== TASK TO COMPLETE ==
The material below holds pictures; leave them out and reproduce exactly the lines from the one with "Abstract Circled Flower" through the one with "Gestreiftes, gerafftes Maxikleid aus Crêpe", inclusive.

== PROVIDED MATERIAL ==
##########
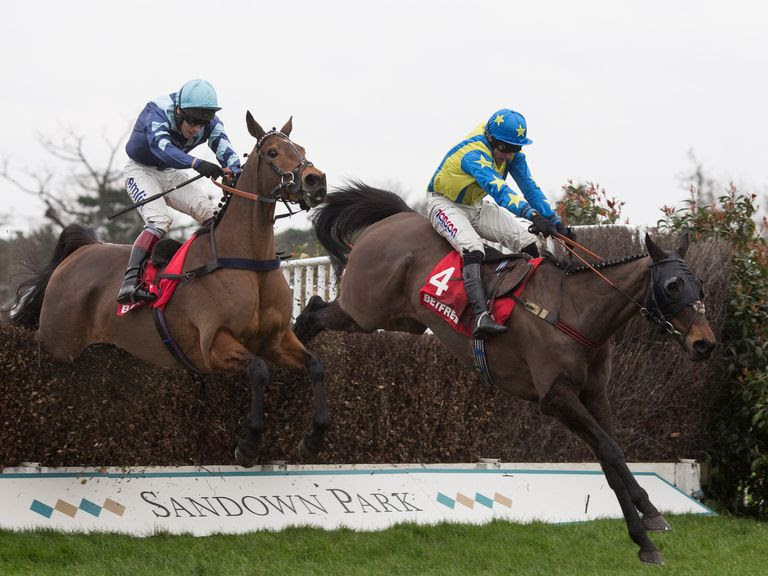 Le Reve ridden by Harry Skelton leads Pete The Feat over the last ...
##########
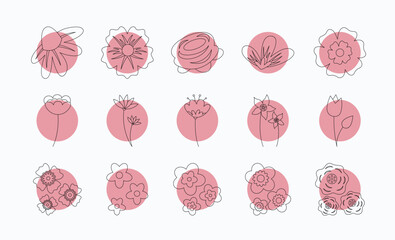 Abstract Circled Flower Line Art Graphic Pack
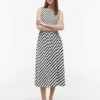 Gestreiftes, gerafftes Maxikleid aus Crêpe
##########
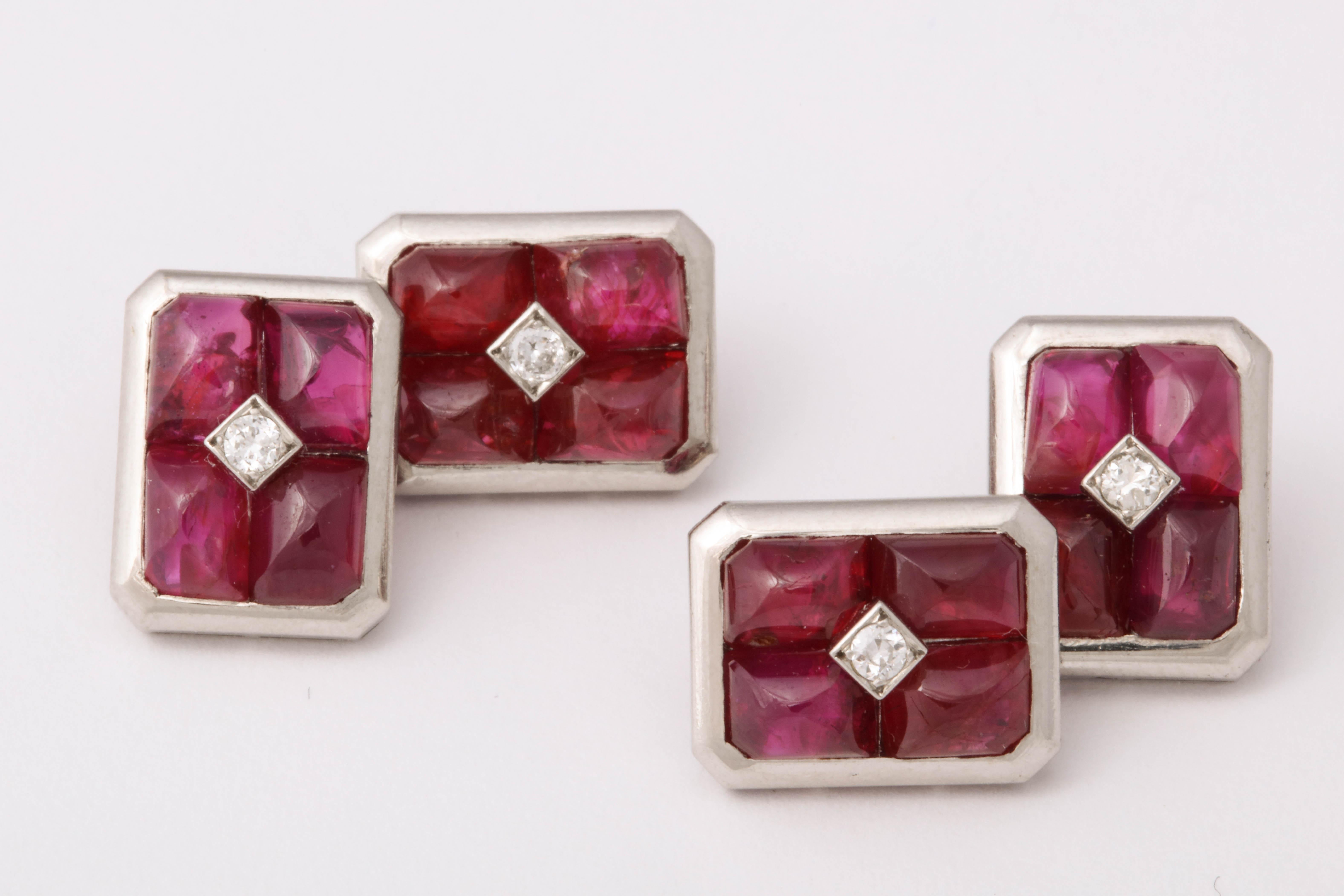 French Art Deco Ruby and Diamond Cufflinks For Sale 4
##########
== RESULT FOR THIS TASK ==
 Abstract Circled Flower Line Art Graphic Pack
 Gestreiftes, gerafftes Maxikleid aus Crêpe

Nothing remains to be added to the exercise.